Mais, aujourd’hui, certaines voix s’élèvent contre les outils très cadrés de ce type. Il y a ceux qui les établissent à la légère pour en finir au plus vite avec cet exercice chronophage, ceux qui les édulcorent craignant les représailles, et ceux qui en oublient l’essentiel : la relation humaine. Pour Philippe Canonne, DRH du groupe Fnac, les outils d’évaluation ont pris une place bien trop importante dans l’exercice du management. « Alors qu’ils ont été développés pour accompagner les entretiens annuels, ils sont devenus l’objet même du travail. On déploie une énergie folle à les faire fonctionner. Un bon DRH aujourd’hui, c’est celui qui obtient un bon taux de remplissage de ses grilles d’évaluation, qui prouve que tous l’ont fait et que l’information a bien circulé en cascade. Le reste, on s’en fiche ! », s’insurge-t-il. « Ce modèle est à bout de souffle. Le monde du travail n’y croit plus. On le constate par le manque d’adhésion des salariés. Quant au management, il a perdu de sa légitimité et de son efficacité », estime ce professionnel, qui rêve d’un nouveau pacte social dans lequel salariés et entreprises redéfiniraient ce qu’ils attendent les uns des autres : d’un côté les objectifs économiques de l’entreprise, de l’autre ce que l’entreprise offre aux salariés pour se développer. Et cette nouvelle relation, selon Philippe Canonne, doit passer par un management doté de beaucoup plus d’autonomie dans la conduite des entretiens et de beaucoup plus de latitude sur les décisions qui s’ensuivent. « Ce ne sont pas les outils qu’il faut changer, ce sont les mentalités », plaide-t-il.

L’ESSENTIEL

1 L’entretien annuel d’évaluation se pratique en général avec assiduité dans les entreprises françaises. Les experts reconnaissent l’intérêt de cette rencontre formalisée entre manager et managé.

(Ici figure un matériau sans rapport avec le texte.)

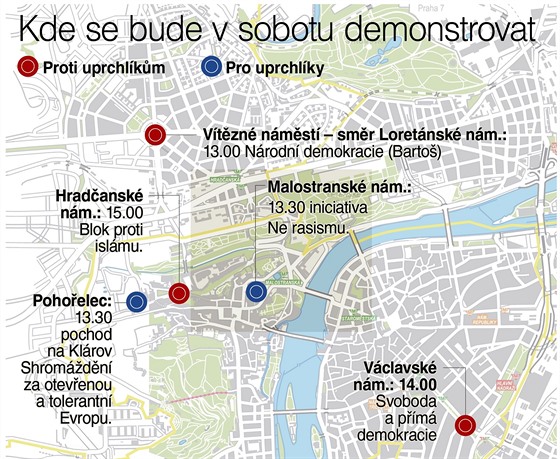 Kde se bude v sobotu demonstrovat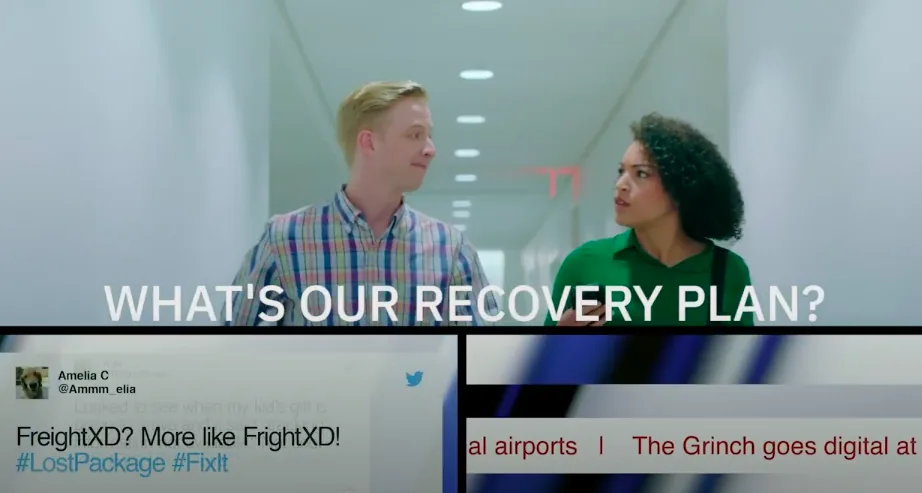 A video still of two colleagues walking and talking, with on-screen text asking “What’s our recovery plan?” and tweets about an airline.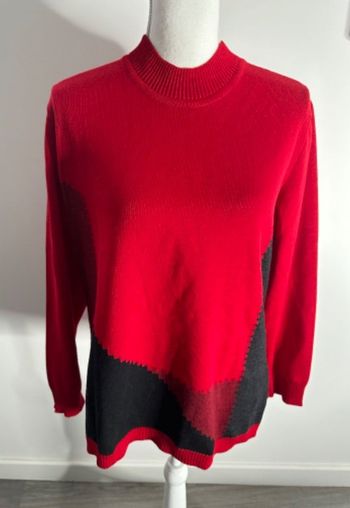 Pull en laine vierge mérinos rouge et gris Freya T44 XXL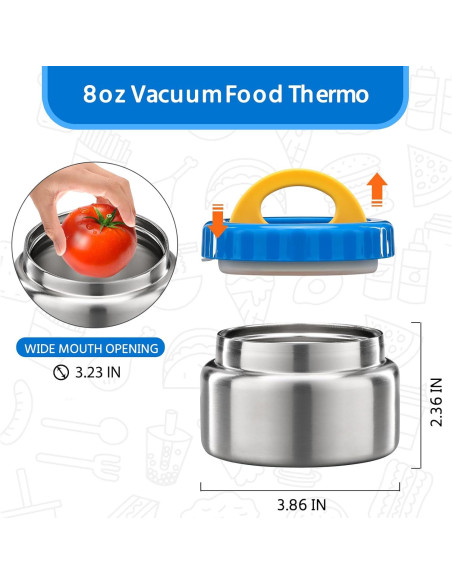 Tarro de Comida Térmico MAISON HUIS 240ml Acero Inoxidable Azul
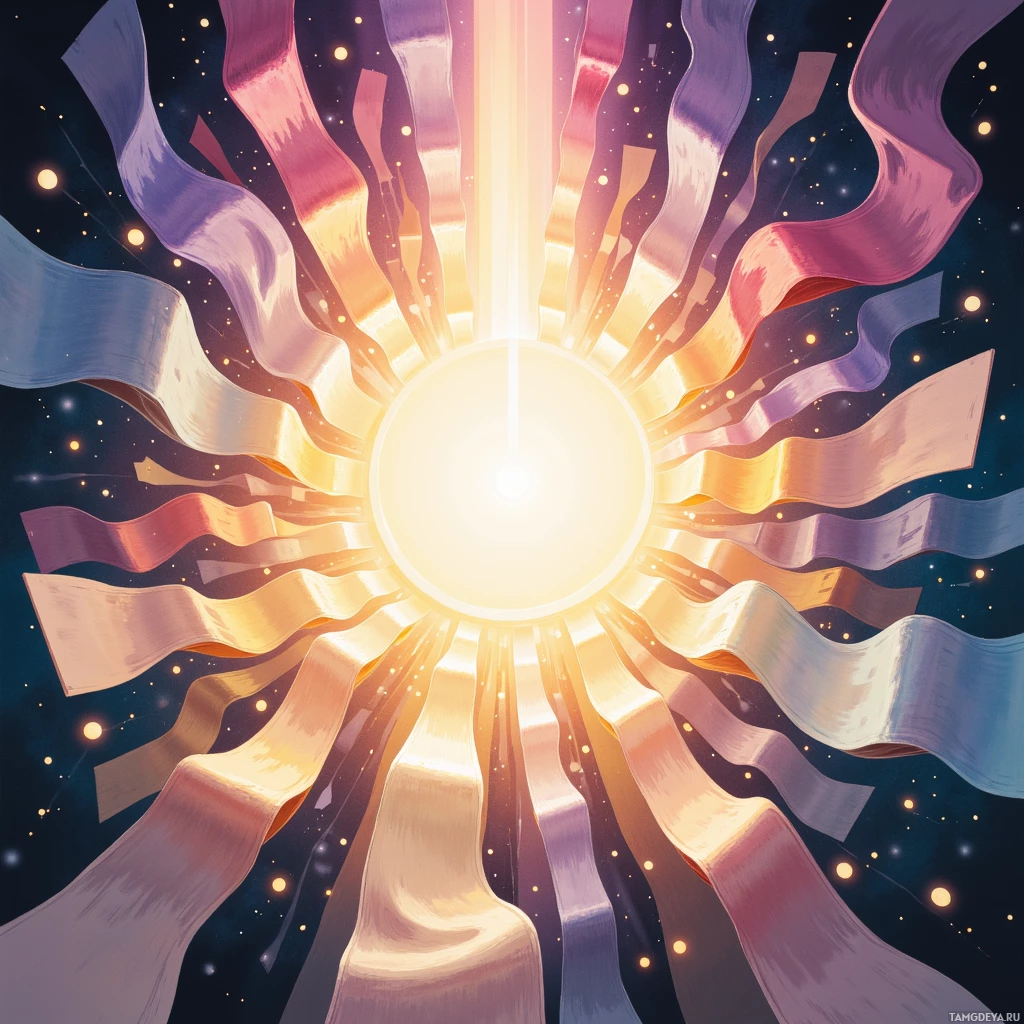 A radiant burst of light with flowing ribbons in shades of pink, purple, and blue against a starry night sky.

2 Encore faut-il que le manager sache conduire cet entretien. Il existe des règles à respecter afin d’éviter des dérapages pouvant conduire à l’émergence de risques psychosociaux.

3 Se conformer à la bonne utilisation de l’outil d’évaluation ne suffit pas. Il faut donner un sens à la relation entreprise-salariés. Certaines entreprises ont choisi de former leurs managers à cet exercice.

Éviter les contentieux

« Il s’agit d’être extrêmement prudent avec les entretiens d’évaluation, car, mal conduits, ils peuvent être des catalyseurs de la notion de souffrance au travail », avertit Me Marie-Hélène Bensadoun, avocate au cabinet August & Debouzy. Elle recommande tout d’abord une grande rigueur lors de la mise en place des outils d’évaluation (information ou consultation des instances CE et CHSCT, déclaration à la Cnil en cas de traitement automatisé des données), mais aussi dans leurs modes d’évaluation. « Si l’évaluation comporte un critère comportemental, celui-ci doit être exclusivement professionnel et suffisamment précisé. Si l’évaluation comprend un classement des salariés par groupes, que ce ne soit pas des quotas. »

Enfin, en cas de contentieux, l’avocat analysera si les reproches faits au salarié sont établis sur des critères objectifs et des faits concrets. Il évaluera aussi si le management a mis le salarié en mesure d’atteindre les objectifs qui lui ont été assignés. « L’entretien d’évaluation doit permettre au salarié d’évoluer.

Les tribunaux seront très sensibles au fait que l’entreprise ait donné une chance à l’employé », recommande l’avocate.